Collected data entries:
______
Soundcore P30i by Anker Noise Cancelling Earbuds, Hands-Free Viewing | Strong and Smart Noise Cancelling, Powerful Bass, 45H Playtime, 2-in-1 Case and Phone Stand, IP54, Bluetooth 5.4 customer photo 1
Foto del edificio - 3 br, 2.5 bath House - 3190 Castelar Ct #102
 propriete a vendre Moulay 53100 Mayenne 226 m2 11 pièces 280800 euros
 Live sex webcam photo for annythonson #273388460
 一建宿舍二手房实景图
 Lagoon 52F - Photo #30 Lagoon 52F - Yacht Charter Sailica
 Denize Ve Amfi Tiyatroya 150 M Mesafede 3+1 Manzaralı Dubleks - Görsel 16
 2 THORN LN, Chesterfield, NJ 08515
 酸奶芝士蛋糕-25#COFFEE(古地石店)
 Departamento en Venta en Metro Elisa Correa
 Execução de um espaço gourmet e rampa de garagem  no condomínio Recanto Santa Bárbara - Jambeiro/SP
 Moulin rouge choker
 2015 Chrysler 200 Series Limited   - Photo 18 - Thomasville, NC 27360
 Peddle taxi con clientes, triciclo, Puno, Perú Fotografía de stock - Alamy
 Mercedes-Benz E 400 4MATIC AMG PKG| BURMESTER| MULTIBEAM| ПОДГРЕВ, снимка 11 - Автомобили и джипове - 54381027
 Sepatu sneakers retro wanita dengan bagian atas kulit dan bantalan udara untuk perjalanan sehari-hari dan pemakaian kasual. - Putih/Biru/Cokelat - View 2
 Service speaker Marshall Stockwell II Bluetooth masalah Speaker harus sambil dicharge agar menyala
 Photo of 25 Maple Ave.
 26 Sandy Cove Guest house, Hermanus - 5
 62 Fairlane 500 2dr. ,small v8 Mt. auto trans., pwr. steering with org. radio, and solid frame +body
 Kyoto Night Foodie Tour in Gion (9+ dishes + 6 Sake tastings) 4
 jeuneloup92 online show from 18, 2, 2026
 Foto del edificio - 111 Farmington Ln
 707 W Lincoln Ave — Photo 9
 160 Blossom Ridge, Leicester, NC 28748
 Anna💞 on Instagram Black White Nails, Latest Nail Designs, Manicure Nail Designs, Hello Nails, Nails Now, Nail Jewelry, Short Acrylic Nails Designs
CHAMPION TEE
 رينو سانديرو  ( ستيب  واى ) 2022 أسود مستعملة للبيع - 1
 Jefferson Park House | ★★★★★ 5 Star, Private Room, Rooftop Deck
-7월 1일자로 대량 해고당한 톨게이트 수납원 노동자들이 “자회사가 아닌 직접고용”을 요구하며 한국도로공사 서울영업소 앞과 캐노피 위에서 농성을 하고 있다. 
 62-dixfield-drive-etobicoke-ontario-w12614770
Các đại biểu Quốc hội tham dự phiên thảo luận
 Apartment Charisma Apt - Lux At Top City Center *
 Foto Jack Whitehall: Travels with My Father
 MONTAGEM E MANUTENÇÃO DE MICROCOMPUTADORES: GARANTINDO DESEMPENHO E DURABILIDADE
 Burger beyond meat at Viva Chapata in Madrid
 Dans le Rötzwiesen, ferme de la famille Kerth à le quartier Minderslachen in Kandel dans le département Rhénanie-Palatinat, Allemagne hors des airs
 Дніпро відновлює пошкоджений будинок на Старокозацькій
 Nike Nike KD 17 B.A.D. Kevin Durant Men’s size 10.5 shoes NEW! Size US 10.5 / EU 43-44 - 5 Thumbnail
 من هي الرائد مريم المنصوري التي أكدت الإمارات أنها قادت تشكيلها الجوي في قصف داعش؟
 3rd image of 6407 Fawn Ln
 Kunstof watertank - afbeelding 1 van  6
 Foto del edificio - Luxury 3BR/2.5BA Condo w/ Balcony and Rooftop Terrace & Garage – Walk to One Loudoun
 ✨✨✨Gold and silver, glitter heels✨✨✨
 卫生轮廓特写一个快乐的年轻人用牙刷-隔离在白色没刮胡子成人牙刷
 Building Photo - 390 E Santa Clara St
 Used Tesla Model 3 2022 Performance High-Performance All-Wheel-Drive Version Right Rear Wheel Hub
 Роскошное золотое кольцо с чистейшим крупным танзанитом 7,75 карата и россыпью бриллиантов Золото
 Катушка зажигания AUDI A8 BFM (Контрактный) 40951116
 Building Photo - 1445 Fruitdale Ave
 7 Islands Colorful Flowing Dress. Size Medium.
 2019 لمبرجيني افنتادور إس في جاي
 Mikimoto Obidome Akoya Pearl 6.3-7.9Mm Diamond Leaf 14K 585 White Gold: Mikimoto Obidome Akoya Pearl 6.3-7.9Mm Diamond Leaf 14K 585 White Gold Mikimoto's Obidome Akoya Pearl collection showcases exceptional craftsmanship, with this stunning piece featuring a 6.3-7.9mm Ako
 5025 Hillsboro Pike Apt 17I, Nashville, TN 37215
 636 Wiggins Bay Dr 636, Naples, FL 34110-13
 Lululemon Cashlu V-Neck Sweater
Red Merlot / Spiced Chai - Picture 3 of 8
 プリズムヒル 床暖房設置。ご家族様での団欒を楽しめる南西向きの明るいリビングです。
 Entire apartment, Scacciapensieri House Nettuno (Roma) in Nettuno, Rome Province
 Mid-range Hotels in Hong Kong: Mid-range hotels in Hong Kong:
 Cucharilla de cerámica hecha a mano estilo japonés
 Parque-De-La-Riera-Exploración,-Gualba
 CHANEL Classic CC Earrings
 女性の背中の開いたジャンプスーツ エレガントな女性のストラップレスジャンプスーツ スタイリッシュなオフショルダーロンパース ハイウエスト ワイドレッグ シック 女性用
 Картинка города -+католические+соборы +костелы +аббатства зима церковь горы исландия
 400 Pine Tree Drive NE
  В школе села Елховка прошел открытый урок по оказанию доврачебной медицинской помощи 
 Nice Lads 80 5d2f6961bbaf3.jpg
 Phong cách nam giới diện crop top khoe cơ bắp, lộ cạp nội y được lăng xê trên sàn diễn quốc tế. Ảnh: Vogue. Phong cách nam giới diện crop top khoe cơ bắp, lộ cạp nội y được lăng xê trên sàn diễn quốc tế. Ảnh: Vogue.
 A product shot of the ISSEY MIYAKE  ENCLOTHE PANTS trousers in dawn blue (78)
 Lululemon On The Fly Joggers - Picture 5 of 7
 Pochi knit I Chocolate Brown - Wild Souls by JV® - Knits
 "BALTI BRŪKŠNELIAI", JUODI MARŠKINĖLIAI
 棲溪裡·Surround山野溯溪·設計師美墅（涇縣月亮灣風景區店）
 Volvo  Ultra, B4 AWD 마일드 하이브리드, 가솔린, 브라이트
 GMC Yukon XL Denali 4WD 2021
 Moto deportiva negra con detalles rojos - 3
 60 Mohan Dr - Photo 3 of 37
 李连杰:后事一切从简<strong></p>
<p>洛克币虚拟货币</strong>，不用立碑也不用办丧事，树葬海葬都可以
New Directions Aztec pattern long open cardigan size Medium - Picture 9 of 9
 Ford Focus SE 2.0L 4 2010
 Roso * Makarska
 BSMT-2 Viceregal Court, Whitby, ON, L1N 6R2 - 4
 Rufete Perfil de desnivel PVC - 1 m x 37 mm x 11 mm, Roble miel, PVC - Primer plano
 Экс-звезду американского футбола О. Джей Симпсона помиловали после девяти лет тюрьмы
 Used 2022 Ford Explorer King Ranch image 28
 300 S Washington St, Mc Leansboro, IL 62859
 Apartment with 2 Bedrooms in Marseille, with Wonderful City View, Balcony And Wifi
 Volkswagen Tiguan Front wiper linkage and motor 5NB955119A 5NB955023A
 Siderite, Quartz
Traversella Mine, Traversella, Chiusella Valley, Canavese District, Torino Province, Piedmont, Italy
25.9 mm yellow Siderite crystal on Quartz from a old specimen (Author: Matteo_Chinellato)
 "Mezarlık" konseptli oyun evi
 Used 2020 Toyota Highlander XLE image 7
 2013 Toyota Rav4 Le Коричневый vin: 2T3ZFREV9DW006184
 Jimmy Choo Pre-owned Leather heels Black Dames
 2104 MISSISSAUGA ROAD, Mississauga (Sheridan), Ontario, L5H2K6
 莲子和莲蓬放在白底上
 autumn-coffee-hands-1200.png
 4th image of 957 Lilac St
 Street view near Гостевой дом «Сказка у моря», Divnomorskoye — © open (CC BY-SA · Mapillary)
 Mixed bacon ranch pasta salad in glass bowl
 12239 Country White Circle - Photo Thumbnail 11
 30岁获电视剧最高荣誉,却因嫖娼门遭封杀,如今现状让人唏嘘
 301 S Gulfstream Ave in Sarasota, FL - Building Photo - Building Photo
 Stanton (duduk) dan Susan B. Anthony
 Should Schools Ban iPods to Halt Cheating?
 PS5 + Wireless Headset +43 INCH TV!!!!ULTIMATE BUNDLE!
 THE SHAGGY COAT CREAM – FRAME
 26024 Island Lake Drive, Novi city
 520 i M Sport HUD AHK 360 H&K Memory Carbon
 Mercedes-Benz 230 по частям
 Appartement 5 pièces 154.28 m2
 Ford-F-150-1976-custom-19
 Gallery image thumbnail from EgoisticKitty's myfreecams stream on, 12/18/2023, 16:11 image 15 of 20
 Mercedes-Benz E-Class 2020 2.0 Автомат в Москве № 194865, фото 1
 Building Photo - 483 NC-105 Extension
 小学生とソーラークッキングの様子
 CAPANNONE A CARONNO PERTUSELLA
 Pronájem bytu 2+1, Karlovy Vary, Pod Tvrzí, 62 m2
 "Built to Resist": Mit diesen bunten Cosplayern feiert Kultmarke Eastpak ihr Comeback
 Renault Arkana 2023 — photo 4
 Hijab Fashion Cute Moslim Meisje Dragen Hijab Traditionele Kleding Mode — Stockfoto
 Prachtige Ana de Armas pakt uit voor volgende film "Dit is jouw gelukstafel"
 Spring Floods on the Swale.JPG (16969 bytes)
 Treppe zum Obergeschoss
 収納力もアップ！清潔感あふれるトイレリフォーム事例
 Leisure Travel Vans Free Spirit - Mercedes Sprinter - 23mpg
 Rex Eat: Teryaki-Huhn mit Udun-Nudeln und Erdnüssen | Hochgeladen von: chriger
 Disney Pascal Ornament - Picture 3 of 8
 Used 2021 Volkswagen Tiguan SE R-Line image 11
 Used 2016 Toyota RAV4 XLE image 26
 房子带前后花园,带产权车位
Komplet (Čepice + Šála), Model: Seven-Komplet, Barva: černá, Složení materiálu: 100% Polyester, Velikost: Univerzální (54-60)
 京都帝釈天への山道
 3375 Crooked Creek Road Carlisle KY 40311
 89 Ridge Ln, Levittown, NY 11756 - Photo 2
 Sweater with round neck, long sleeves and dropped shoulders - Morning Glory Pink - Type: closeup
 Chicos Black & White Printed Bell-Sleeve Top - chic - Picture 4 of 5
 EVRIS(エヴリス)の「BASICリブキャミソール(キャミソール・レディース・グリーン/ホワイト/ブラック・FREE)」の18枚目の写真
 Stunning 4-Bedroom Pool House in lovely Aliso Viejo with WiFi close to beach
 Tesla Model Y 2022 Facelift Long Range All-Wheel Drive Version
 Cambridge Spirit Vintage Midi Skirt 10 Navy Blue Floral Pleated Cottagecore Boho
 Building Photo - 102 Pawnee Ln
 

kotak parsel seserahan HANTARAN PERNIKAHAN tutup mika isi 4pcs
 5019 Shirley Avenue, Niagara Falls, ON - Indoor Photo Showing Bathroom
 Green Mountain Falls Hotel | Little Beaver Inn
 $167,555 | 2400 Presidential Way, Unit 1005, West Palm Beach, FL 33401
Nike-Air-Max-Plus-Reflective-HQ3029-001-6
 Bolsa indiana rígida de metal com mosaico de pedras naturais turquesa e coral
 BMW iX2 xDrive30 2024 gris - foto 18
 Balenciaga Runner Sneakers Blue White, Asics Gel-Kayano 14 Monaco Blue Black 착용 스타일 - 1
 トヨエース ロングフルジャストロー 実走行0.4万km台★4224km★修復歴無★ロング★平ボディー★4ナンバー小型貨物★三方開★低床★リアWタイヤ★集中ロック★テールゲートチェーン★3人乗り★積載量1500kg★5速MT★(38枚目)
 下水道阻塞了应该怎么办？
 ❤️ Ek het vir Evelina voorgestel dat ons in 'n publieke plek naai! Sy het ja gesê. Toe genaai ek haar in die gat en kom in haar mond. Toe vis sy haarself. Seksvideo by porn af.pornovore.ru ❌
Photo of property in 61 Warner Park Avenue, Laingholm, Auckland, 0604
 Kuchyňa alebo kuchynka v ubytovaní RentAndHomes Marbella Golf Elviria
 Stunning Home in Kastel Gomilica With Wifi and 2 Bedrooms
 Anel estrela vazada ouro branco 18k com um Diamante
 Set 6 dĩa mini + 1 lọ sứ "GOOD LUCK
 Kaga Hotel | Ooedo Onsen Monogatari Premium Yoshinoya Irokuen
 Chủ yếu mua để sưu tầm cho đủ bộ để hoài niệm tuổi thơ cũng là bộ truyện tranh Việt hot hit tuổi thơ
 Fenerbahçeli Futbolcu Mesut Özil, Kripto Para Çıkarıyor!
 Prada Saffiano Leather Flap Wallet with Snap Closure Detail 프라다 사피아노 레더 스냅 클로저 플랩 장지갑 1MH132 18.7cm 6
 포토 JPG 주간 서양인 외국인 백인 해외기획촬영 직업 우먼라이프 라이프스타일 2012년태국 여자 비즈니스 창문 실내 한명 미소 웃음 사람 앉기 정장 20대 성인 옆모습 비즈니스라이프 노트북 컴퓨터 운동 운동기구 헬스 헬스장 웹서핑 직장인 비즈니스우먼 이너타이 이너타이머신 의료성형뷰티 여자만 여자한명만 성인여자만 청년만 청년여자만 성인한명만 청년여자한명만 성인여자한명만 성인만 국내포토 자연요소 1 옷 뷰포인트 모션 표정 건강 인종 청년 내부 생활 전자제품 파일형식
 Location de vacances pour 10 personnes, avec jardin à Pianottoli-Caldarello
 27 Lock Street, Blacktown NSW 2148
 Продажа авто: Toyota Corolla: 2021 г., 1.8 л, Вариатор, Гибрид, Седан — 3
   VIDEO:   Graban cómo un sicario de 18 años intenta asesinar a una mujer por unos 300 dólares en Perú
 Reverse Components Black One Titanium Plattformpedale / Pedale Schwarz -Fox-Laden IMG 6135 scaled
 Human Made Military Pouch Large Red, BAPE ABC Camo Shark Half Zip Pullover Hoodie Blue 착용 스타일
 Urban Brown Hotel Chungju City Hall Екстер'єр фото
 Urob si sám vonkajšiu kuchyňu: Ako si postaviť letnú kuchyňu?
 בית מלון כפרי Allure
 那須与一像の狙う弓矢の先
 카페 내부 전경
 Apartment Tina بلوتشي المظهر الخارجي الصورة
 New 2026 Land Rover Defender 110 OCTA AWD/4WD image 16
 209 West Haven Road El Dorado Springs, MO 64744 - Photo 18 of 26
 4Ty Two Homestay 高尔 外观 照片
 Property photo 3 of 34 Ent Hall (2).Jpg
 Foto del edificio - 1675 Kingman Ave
______
Task to complete:
Going back over the entries above, copy word for word every line from the one that has "silver, glitter heels✨✨✨" on through the one that has "Ford Focus SE 2.0L 4 2010".

Solution to this exercise:
 ✨✨✨Gold and silver, glitter heels✨✨✨
 卫生轮廓特写一个快乐的年轻人用牙刷-隔离在白色没刮胡子成人牙刷
 Building Photo - 390 E Santa Clara St
 Used Tesla Model 3 2022 Performance High-Performance All-Wheel-Drive Version Right Rear Wheel Hub
 Роскошное золотое кольцо с чистейшим крупным танзанитом 7,75 карата и россыпью бриллиантов Золото
 Катушка зажигания AUDI A8 BFM (Контрактный) 40951116
 Building Photo - 1445 Fruitdale Ave
 7 Islands Colorful Flowing Dress. Size Medium.
 2019 لمبرجيني افنتادور إس في جاي
 Mikimoto Obidome Akoya Pearl 6.3-7.9Mm Diamond Leaf 14K 585 White Gold: Mikimoto Obidome Akoya Pearl 6.3-7.9Mm Diamond Leaf 14K 585 White Gold Mikimoto's Obidome Akoya Pearl collection showcases exceptional craftsmanship, with this stunning piece featuring a 6.3-7.9mm Ako
 5025 Hillsboro Pike Apt 17I, Nashville, TN 37215
 636 Wiggins Bay Dr 636, Naples, FL 34110-13
 Lululemon Cashlu V-Neck Sweater
Red Merlot / Spiced Chai - Picture 3 of 8
 プリズムヒル 床暖房設置。ご家族様での団欒を楽しめる南西向きの明るいリビングです。
 Entire apartment, Scacciapensieri House Nettuno (Roma) in Nettuno, Rome Province
 Mid-range Hotels in Hong Kong: Mid-range hotels in Hong Kong:
 Cucharilla de cerámica hecha a mano estilo japonés
 Parque-De-La-Riera-Exploración,-Gualba
 CHANEL Classic CC Earrings
 女性の背中の開いたジャンプスーツ エレガントな女性のストラップレスジャンプスーツ スタイリッシュなオフショルダーロンパース ハイウエスト ワイドレッグ シック 女性用
 Картинка города -+католические+соборы +костелы +аббатства зима церковь горы исландия
 400 Pine Tree Drive NE
  В школе села Елховка прошел открытый урок по оказанию доврачебной медицинской помощи 
 Nice Lads 80 5d2f6961bbaf3.jpg
 Phong cách nam giới diện crop top khoe cơ bắp, lộ cạp nội y được lăng xê trên sàn diễn quốc tế. Ảnh: Vogue. Phong cách nam giới diện crop top khoe cơ bắp, lộ cạp nội y được lăng xê trên sàn diễn quốc tế. Ảnh: Vogue.
 A product shot of the ISSEY MIYAKE  ENCLOTHE PANTS trousers in dawn blue (78)
 Lululemon On The Fly Joggers - Picture 5 of 7
 Pochi knit I Chocolate Brown - Wild Souls by JV® - Knits
 "BALTI BRŪKŠNELIAI", JUODI MARŠKINĖLIAI
 棲溪裡·Surround山野溯溪·設計師美墅（涇縣月亮灣風景區店）
 Volvo  Ultra, B4 AWD 마일드 하이브리드, 가솔린, 브라이트
 GMC Yukon XL Denali 4WD 2021
 Moto deportiva negra con detalles rojos - 3
 60 Mohan Dr - Photo 3 of 37
 李连杰:后事一切从简<strong></p>
<p>洛克币虚拟货币</strong>，不用立碑也不用办丧事，树葬海葬都可以
New Directions Aztec pattern long open cardigan size Medium - Picture 9 of 9
 Ford Focus SE 2.0L 4 2010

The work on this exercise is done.